Has anyone done a comparison on these 2 products or owned both? Which one was better? I have the ms8 installed now but I think it's blown. I've had issues since I had it with static but when it worked it sounded very nice. How is the audicontrol dq61 in comparison? Soundstage? Imaging? Ease of use?


----------



## Lycancatt (Apr 11, 2010)

honestly..i'm not a fan of either piece. The ms8 has weird reliability issues but as you say is nice when it works. The audiocontrol user interface is really crappy and its got a high noise floor. I'd personally try for almost any other dsp than either of those.

What are your processing needs? two way front plus sub? three way front plus sub? center channel?


----------



## 1996blackmax (Aug 29, 2007)

I used the DQ-61 for a while. It was a nice upgrade from the stock setup, but eventually I ran into a wall when it came to tuning. The time alignment function is very easy to use, but a bit coarse in the steps. For the EQ part, I would have to keep going back to the trunk. If you want to be able to have a good amount of tuning options, I would go with another DSP unit. The DQ-61 does have its place...for someone who wants some EQ capabilities, easy TA function, & doesn't want to use a computer.


----------



## talan7 (Jan 19, 2014)

Lycancatt said:


> honestly..i'm not a fan of either piece. The ms8 has weird reliability issues but as you say is nice when it works. The audiocontrol user interface is really crappy and its got a high noise floor. I'd personally try for almost any other dsp than either of those.
> 
> What are your processing needs? two way front plus sub? three way front plus sub? center channel?


I've got 2way front, 6x9 rears, rear 6.5 doors, 3.5 center and sub so 8 channels but I don't use logic 7, I prefer stereo. 

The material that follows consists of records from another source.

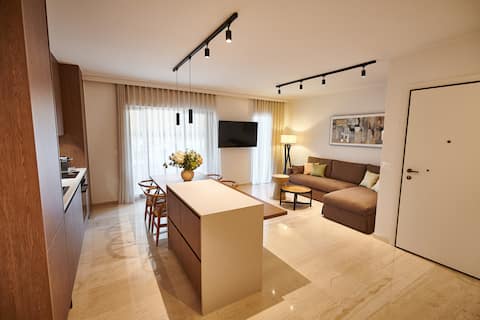 Top performing Airbnb: Apartment "By the Ellinikon" in Δήμος Αλίμου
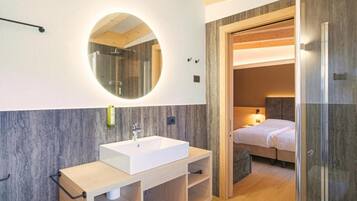 Premium Apartment | Bathroom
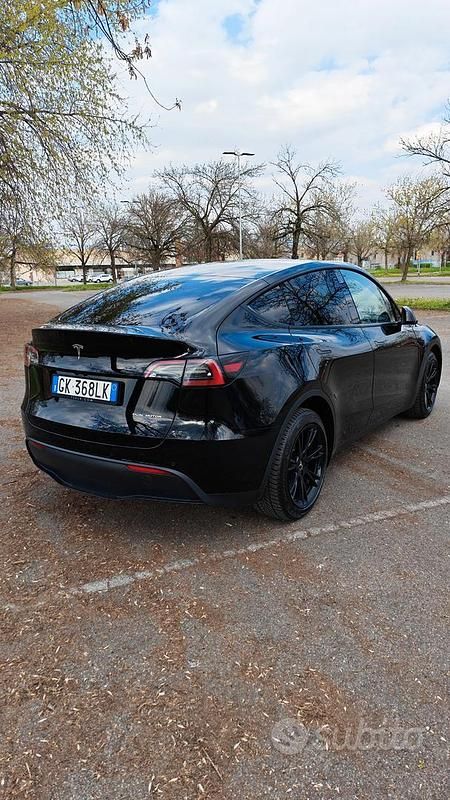 Gebraucht Tesla Model Y Long Range AWD 378 kW (514 PS) 2022 Schwarz SUV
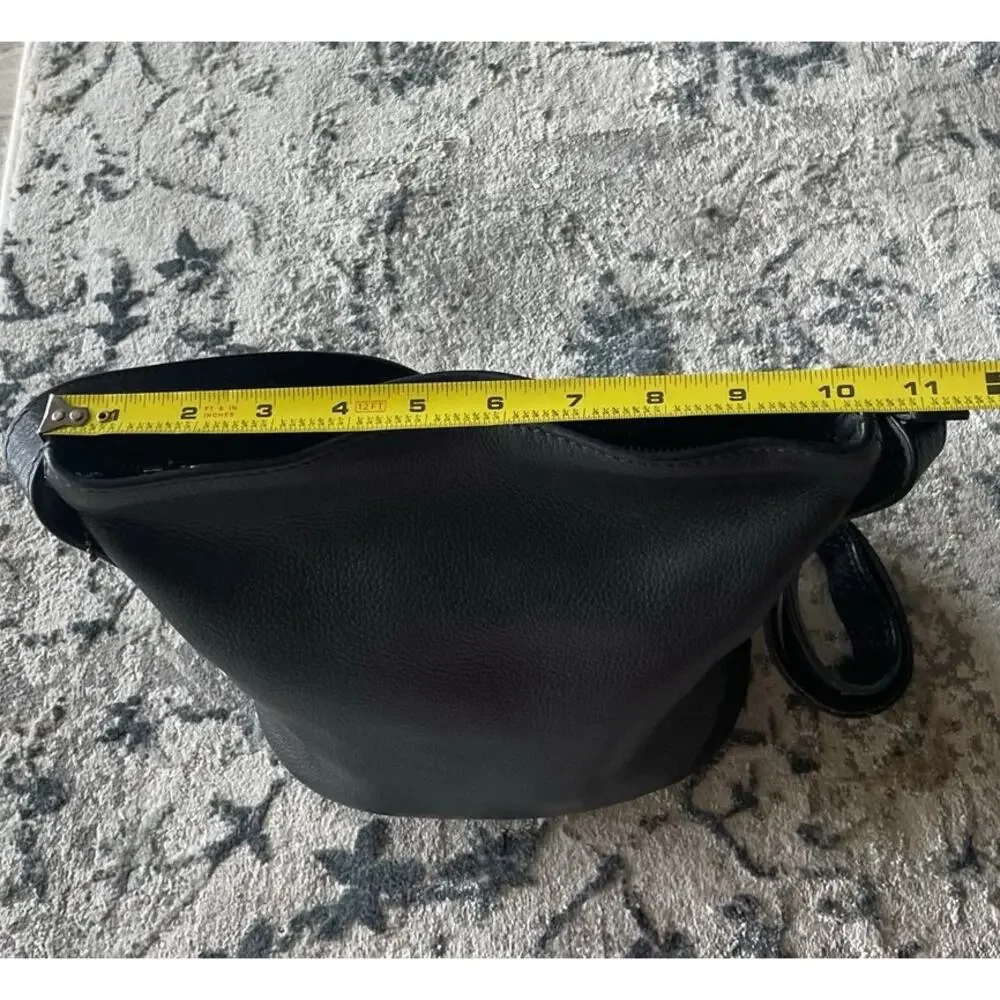 Y2K Coach Sonoma 4907 Vintage Bucket bag Black 90s Pebbled Leather Boho Cottage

Which do you prefer of the two? Which other would you recommend?


----------



## wanderer1 (Dec 22, 2014)

I have the DQ-61 and as mentioned it has its place and works great for me. It is simple to use but doesn't have all the features that other options do. I was interested in the discontinued DQL-8 and bought one. It seems to have more TA options and equalizing capabilities. With the optional remote it would be easy to adjust from front seat. I started a thread asking kind of the same thing you are, except I am asking about the DQ-61 versus the DQL-8. I don't have a lot of experience with other DSPs and have always been happy with my Audio Control equipment.


----------